But be that as it may, the increasing pressure on property lawyers to advise clients on the wider potential issues that may impact their client’s purchase remains. This includes flagging up the likely tax implications that could arise, as a recent ruling illustrates.
In this case1, HM Revenue & Customs won its argument – another win to add to its raft of wins against the taxpayer – in a case involving multiple dwelling tax relief (MDR). A buyer can claim MDR when they buy more than one dwelling where a transaction or a number of linked transactions include freehold or leasehold interests in more than one dwelling.
To work out the rate of tax chargeable to HMRC, you/the buyer is required to:
- Divide the total amount paid for the properties by the number of dwellings
- Work out the tax due on this figure
- Multiply this amount of tax by the number of dwellings
- The minimum rate of relief is 1% of the amount paid for the dwellings.

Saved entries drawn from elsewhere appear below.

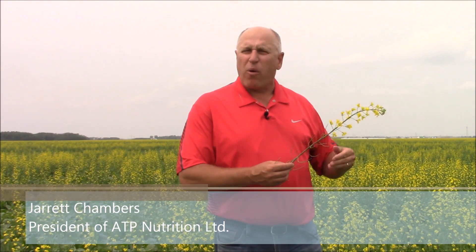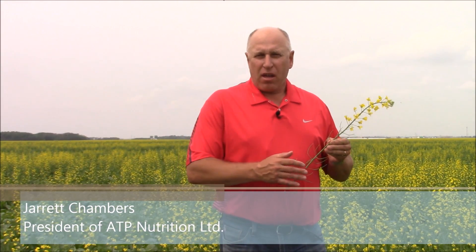Here we are standing in a canola field today that's probably been flowering just the last week. And the first thing that comes to my mind when I see a canola field is: what is the status of boron in that field?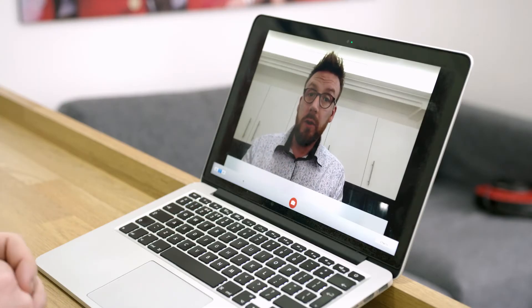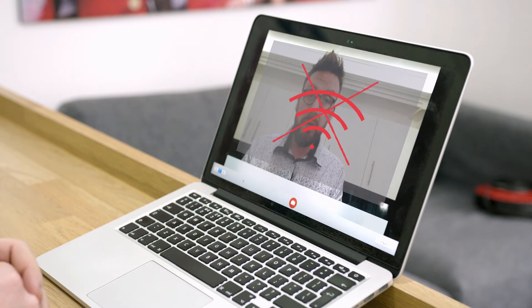Now for the technical stuff: you'll need to be on a stable internet connection to avoid buffer face. Also try and keep your device stable, otherwise we might think you're stuck in an earthquake. Last thing — make sure you won't be disturbed.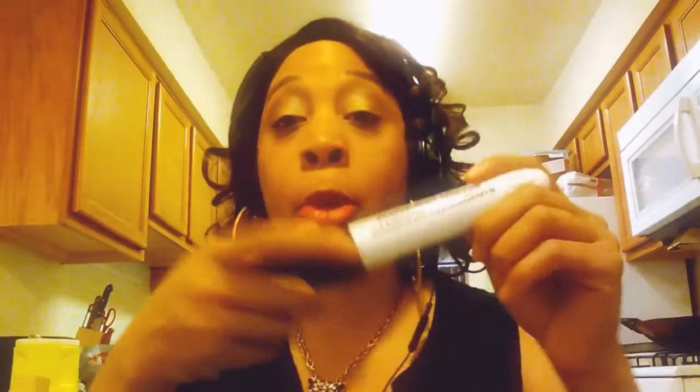I brought me a permanent marker — we already know why. I use it for my wigs and stuff. Look at that big marker, and yes it did work. So I brought that from Dollar Tree.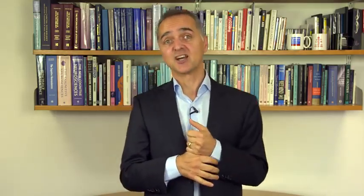Each different brand had to have a different meaning. After customer research, the Heart Brand was all about euphoric fun — the key insight being that ice cream is not just about childhood, but about connecting to the fun you didn't have as a child. So Magnum became about sensual, almost sexual indulgence. Carte d'Or became about bonding and coming together in a more intense way. Solero became not a relaxing refreshment but an energetic one.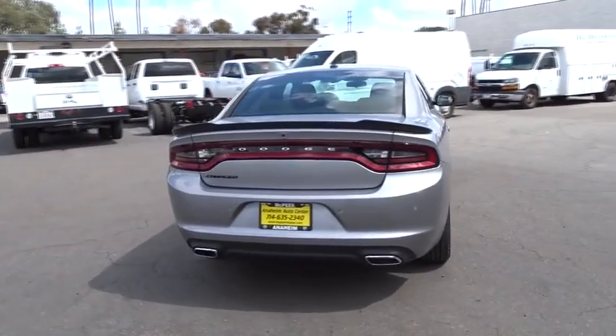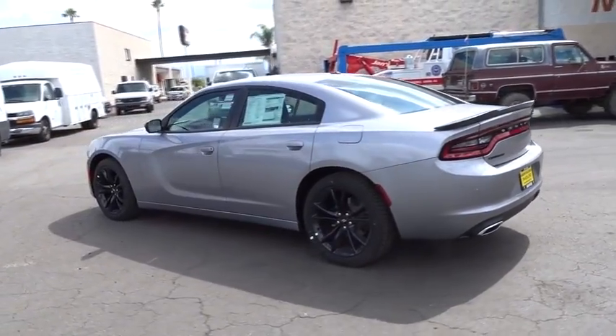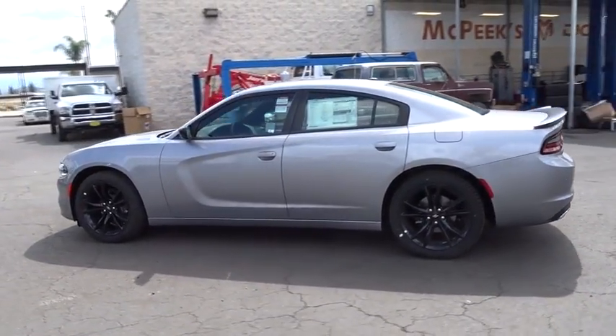Peace of mind comes standard with Charger's 5-star government front and side impact crash test rating. Here are some of this vehicle's great options.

A key question, bearing in mind that there is no statutory definition of what amounts to being ‘suitable for use as a single dwelling’, is - how does HMRC decide what amounts to a separate dwelling for these purposes
What’s the background?
A couple bought a six-bedroomed property for £875,000. They submitted an SDLT return and self-assessing their liability as £35,750 (on the basis the property did not qualify for MDR). The following year, their representatives sought to amend the return so that they could claim MDR on the basis that the purchase was of the main house together with a separate annex.
The amount of SDLT self-assessed was reduced by £10,000 to £25,750. HMRC rejected their claim and said MDR did not apply to their purchase. A closure notice was accordingly issued and sent to them and the couple appealed. The closure notice was then upheld and so the couple brought an appeal.
The crux of the issue for the First-Tier Tax Tribunal was whether the buyers had purchased one large house or whether it should be created for tax purposes as two separate dwellings.
The tribunal paid close attention to the physical nature and layout of the property itself, the rooms and areas that were particularly in issue, even the fuse board, circuit breakers and utilities.
It also made clear that to claim MDR, the disputed area must be suitable for use as a single dwelling at the time of completion. That does not include properties with the capacity to be used as dwellings after modification (it pointed out, for instance, that the bedroom would be suitable for use as a dwelling with minor modifications).
It was a balancing act but the tribunal found that the factors for and against the disputed area’s suitability as a single dwelling came down firmly against. The property was not suitable for use as a single dwelling and did not, therefore, qualify for MDR.
What does this mean?
When advising purchasers, conveyancers must consider the potential tax implications of the transaction and, at the very least, advise them to take specialist tax advice where necessary.
Conveyancers will find the tribunal judge’s comments on what amounts to a single dwelling useful in practical terms. She said: “The use of the word ‘single’ shows that the dwelling must have some sense of unity. It should have coherence as one identifiable property”.
Conveyancers and tax lawyers in particular need to be alert to the ruling and how the tribunal approached the issues.